*Exercise prompt*. Only the lines from the one containing "2.2 Acres of" through the end of the data below are to be repeated, exactly as given, without pictures.

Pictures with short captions
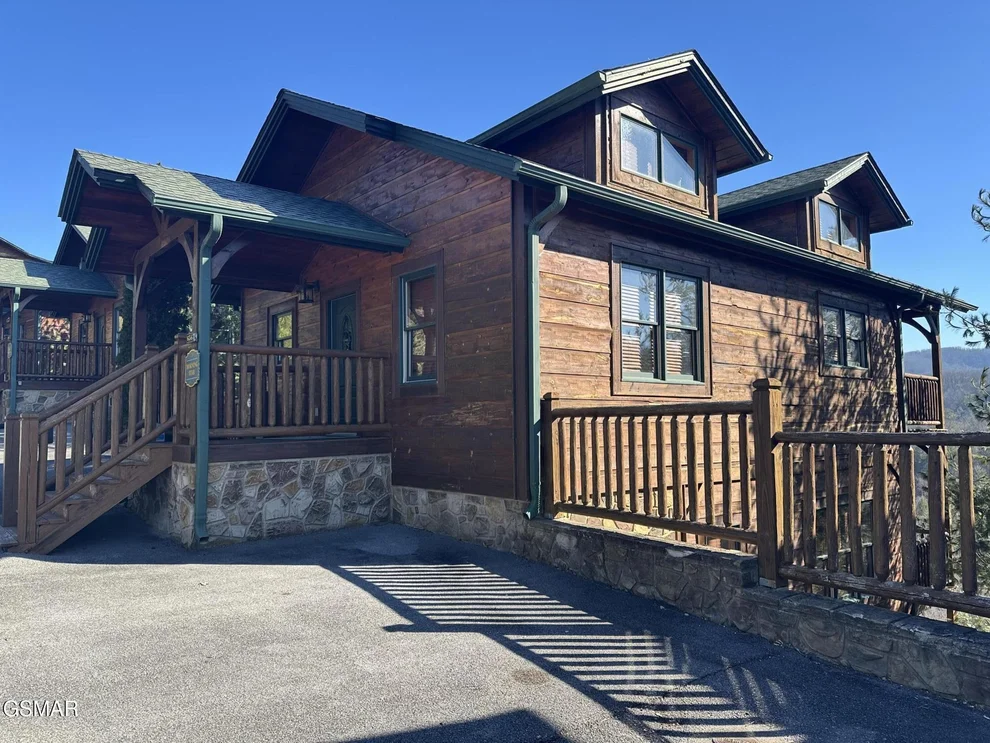 Unit for sale at 656 Park Vista Way, Gatlinburg, TN 37738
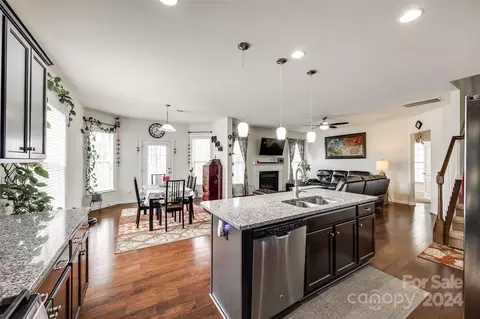 819 Bridge View Ct, Fort Mill, SC 29708 photo 8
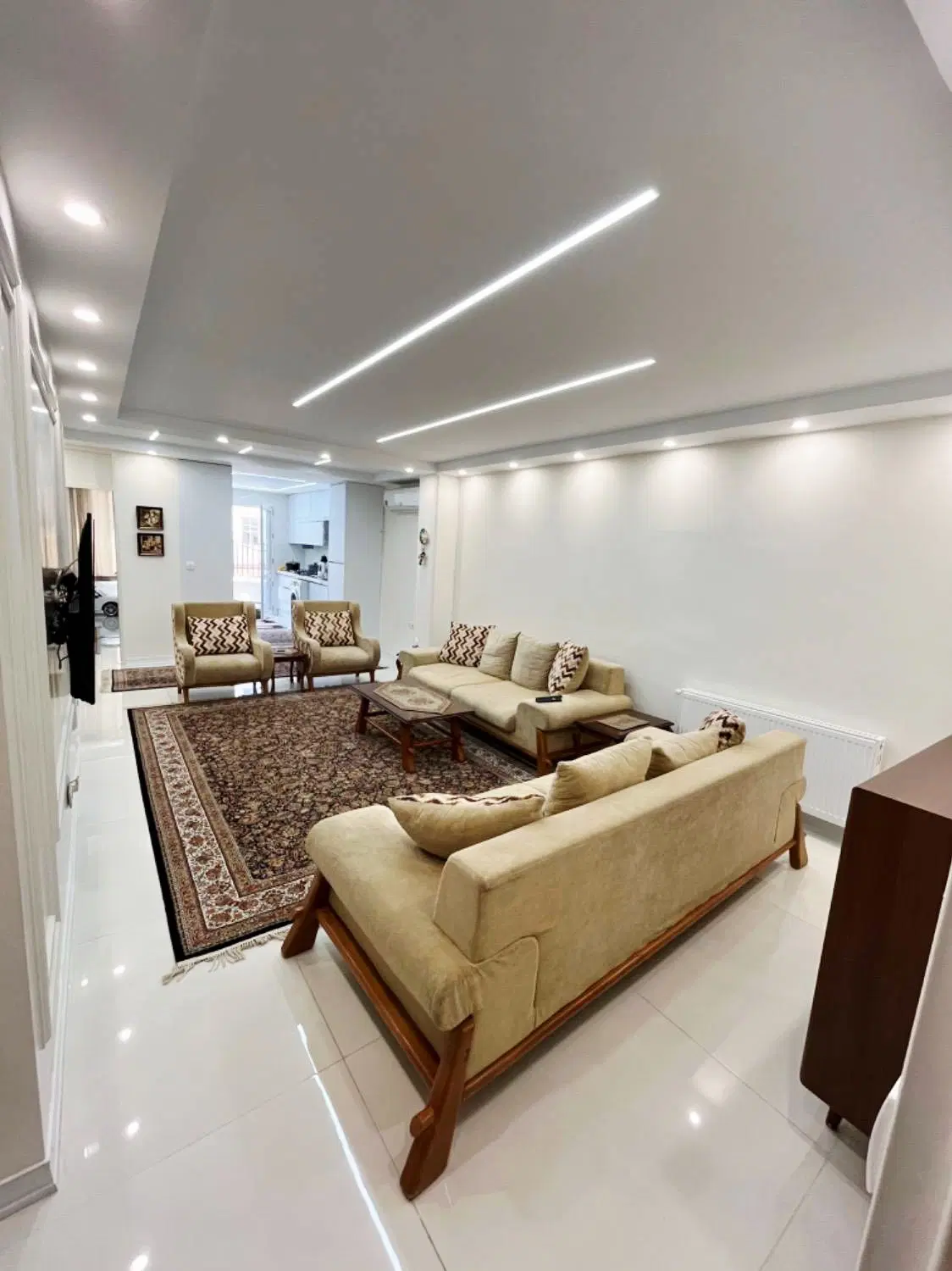 دوخوابه سنددار فول بازسازی لاکچری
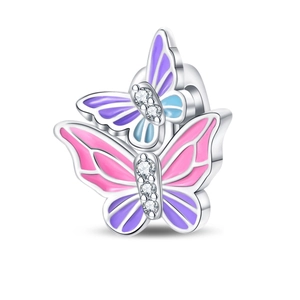 Détail du charm papillon en argent 925 avec émail violet et pierres de zircone cubique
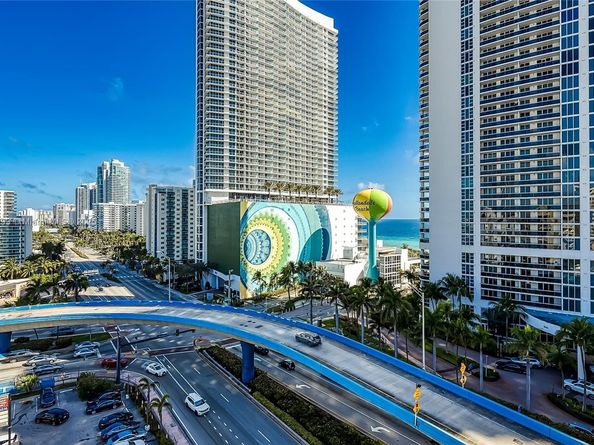 1825 S Ocean Dr PH1, Hallandale Beach FL 33009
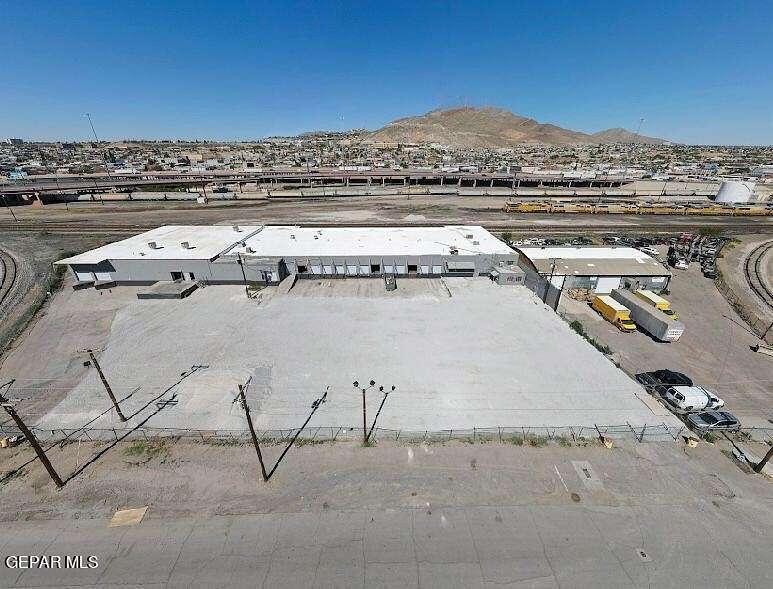 2.2 Acres of Improved Commercial Land for Sale in El Paso, Texas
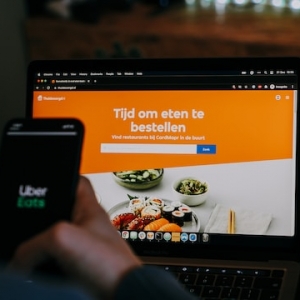 Uber Eats Intègre IA et innovations de paiement pour améliorer l'expérience utilisateur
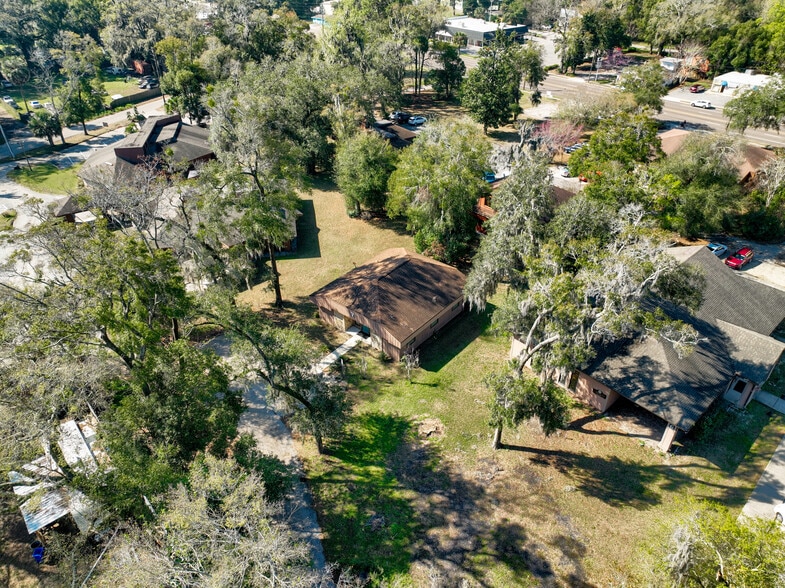 More Photos Of 943 Cesery Blvd, Jacksonville Medical For Sale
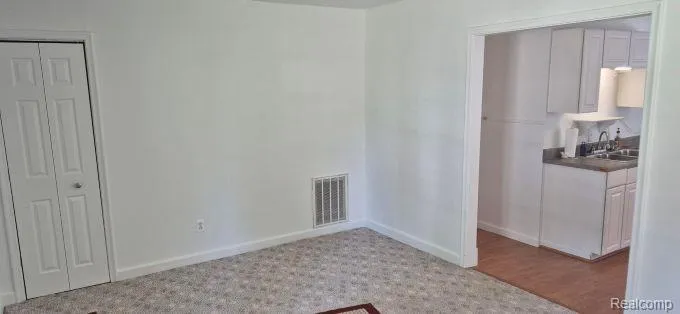 92 Kalama E Madison Heights City, MI 48071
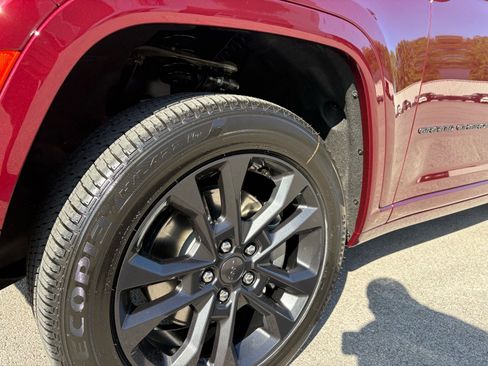 New 2026 Jeep Grand Cherokee L Limited AWD/4WD image 24
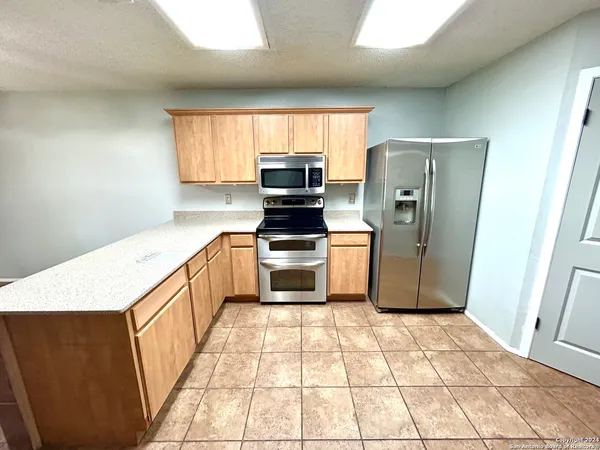 $1,899 | 8111 Mescal Trail, San Antonio, TX 78244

*Solved problem*.
 2.2 Acres of Improved Commercial Land for Sale in El Paso, Texas
 Uber Eats Intègre IA et innovations de paiement pour améliorer l'expérience utilisateur
 More Photos Of 943 Cesery Blvd, Jacksonville Medical For Sale
 92 Kalama E Madison Heights City, MI 48071
 New 2026 Jeep Grand Cherokee L Limited AWD/4WD image 24
 $1,899 | 8111 Mescal Trail, San Antonio, TX 78244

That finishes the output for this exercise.